Grayson College broke ground on its new manufacturing classroom on Tuesday with a morning ceremony attended by college leaders, area industries, architects and economic developers.

The $1.4 million Advanced Manufacturing Lab is set to open in January 2018 and will take the form of an addition to Grayson’s current Career and Technology Center. The 6,500-square-foot building will house large industrial machinery, classrooms and storage space, and will largely be used to educate students participating in the Advanced Manufacturing Program.

“It’s a very exciting day for Grayson College,” GC President Jeremy McMillen said. “To break ground on a facility that involves so many partners and invests in the future success of our community — it’s a really exciting day.”

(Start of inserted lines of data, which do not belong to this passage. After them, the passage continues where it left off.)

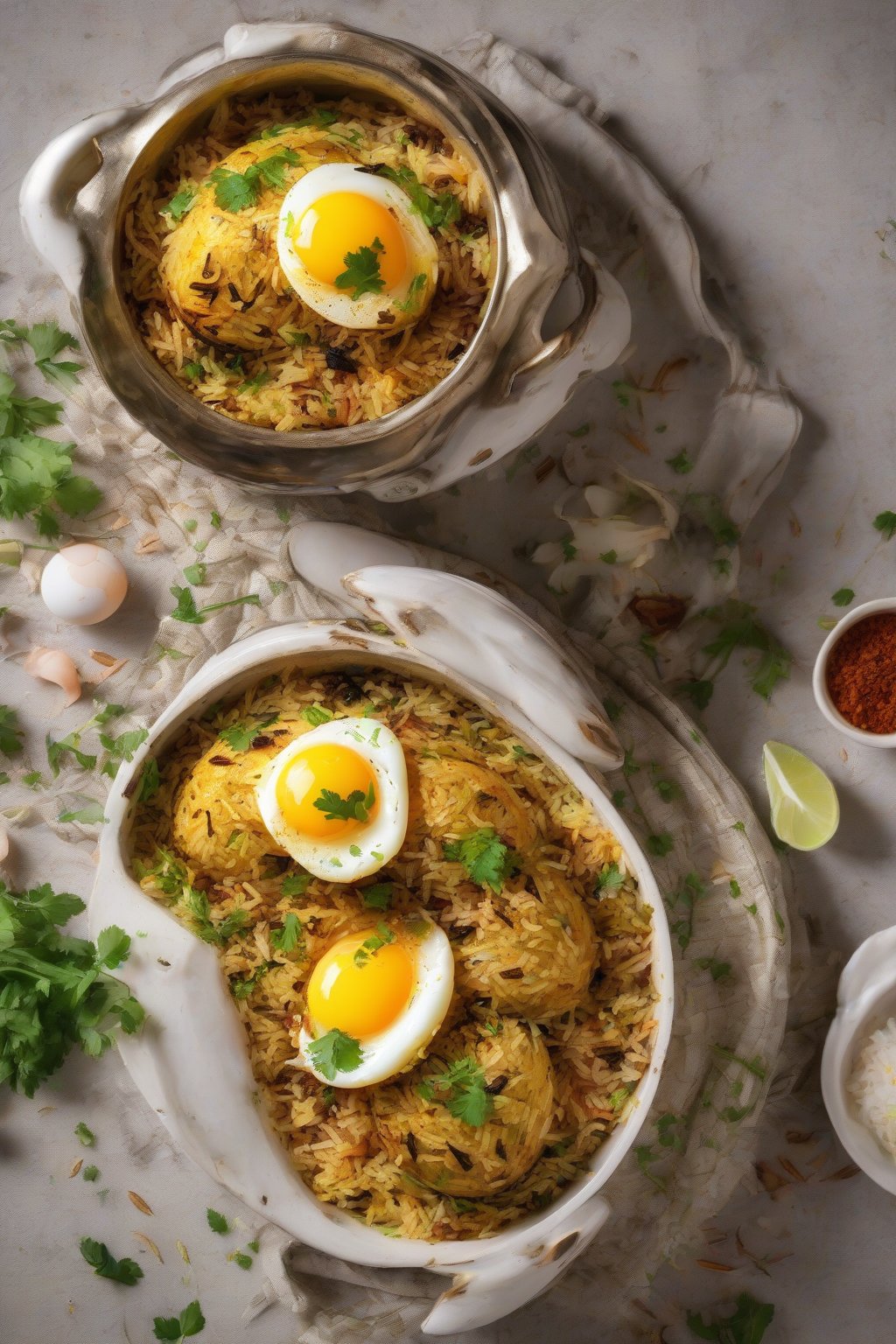A high-resolution photo of egg dum biryani with halved eggs nestled in spiced rice and garnished with herbs under soft lighting.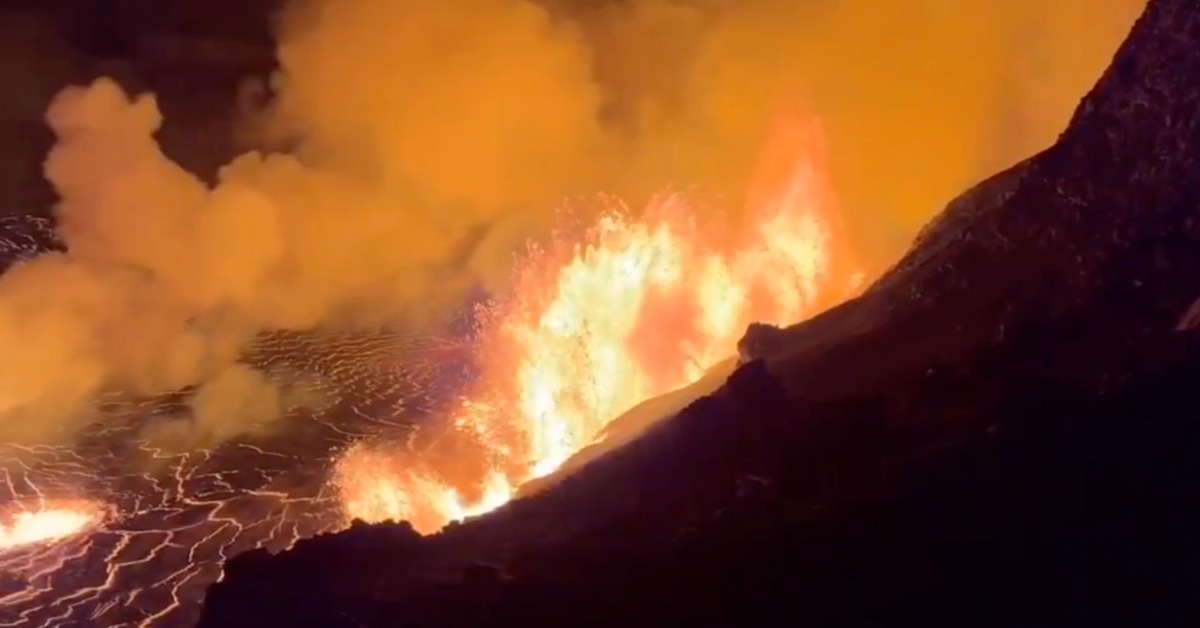 夏威夷第二大火山岩漿狂噴 煙柱直竄畫面曝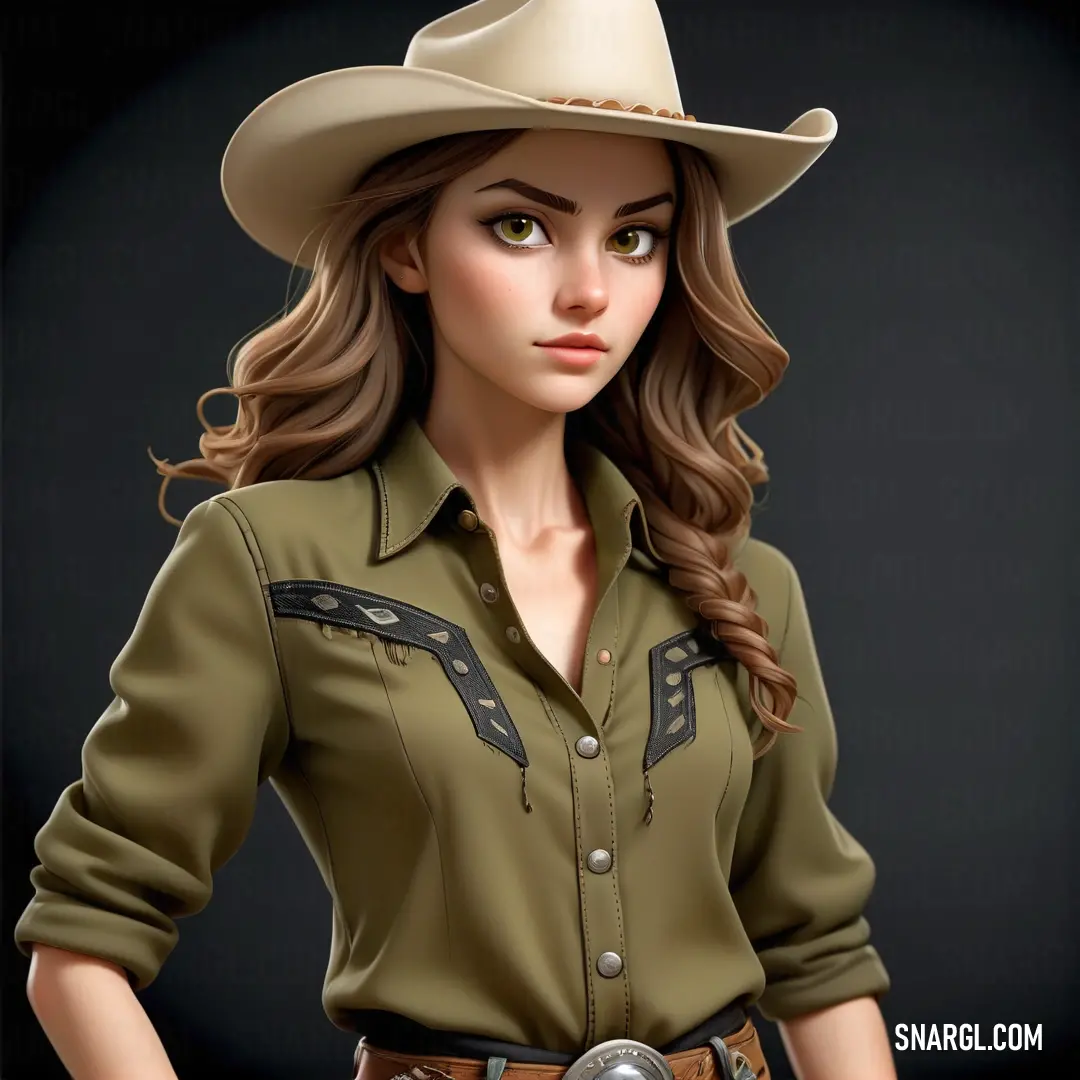 RAL 085 50 40 color. Woman in a cowboy hat and green shirt with a gun in her hand and a black background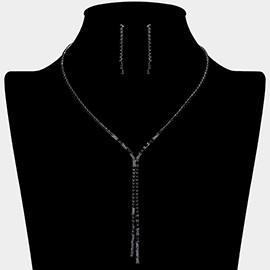 Baguette CZ Stone Pointed Rhinestone Paved Y Necklace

The Advanced Manufacturing Lab will serve as the brick-and-mortar heart of the Advanced Manufacturing Program, which was launched at the start of the 2016-2017 school year and is meant to equip high school students with the knowledge needed to enter the industrial workforce through a series of classes and an internship. Organizations involved in the program include 30 employers under the Texoma Advanced Manufacturing Consortium, the Sherman Economic Development Corp., the Denison Development Alliance, Workforce Solutions Texoma, Grayson College and multiple high schools. The program accepted 12 students during its first year and is expected to enroll more than 25 young people for the coming academic year.

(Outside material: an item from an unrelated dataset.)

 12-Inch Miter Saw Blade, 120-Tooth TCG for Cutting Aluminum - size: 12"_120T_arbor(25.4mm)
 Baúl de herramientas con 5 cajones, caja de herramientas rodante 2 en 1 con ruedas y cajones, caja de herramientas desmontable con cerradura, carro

McMillen explained that the college will use its reserve funds to bankroll construction of the new building and said the investment is one that will benefit individual students and area manufacturers for decades.

“This is a project about building for tomorrow in Texoma,” McMillen said after noting $1.4 million is a lot to invest. “We’re investing in our youth and, for generations to come, this will pay off.”

Emerson Process Management Plant Manager and Consortium Chair Mark Anderson spoke at the groundbreaking as well and said the new facility will give students hands-on experience with machinery and equipment that manufacturers utilize. He added that such familiarity will allow students to hit the ground running when it comes time for them to enter the workforce and even enable them to earn higher wages and salaries.

“They’ll really be ready to go to work in a manufacturing environment where they’re going to have skills that allow them to not only hit the entry level, but to be able to move up within the companies,” Anderson said.

The consortium chair said the skilled workers churned out by the program will also greatly improve circumstances for manufacturing employers, whose workforces are shrinking as aging workers begin to retire.

“Any time you’re losing aging employees, you’re losing experience,” Anderson said. “So, in order to help fill that gap, if you can bring in people who have a manufacturing background, who at least have the basic concepts and understand, they can come in and make a big difference.”

The Advanced Manufacturing Lab joins a multitude of other building projects in the works at Grayson College, including a new residence hall, distillery and student success center.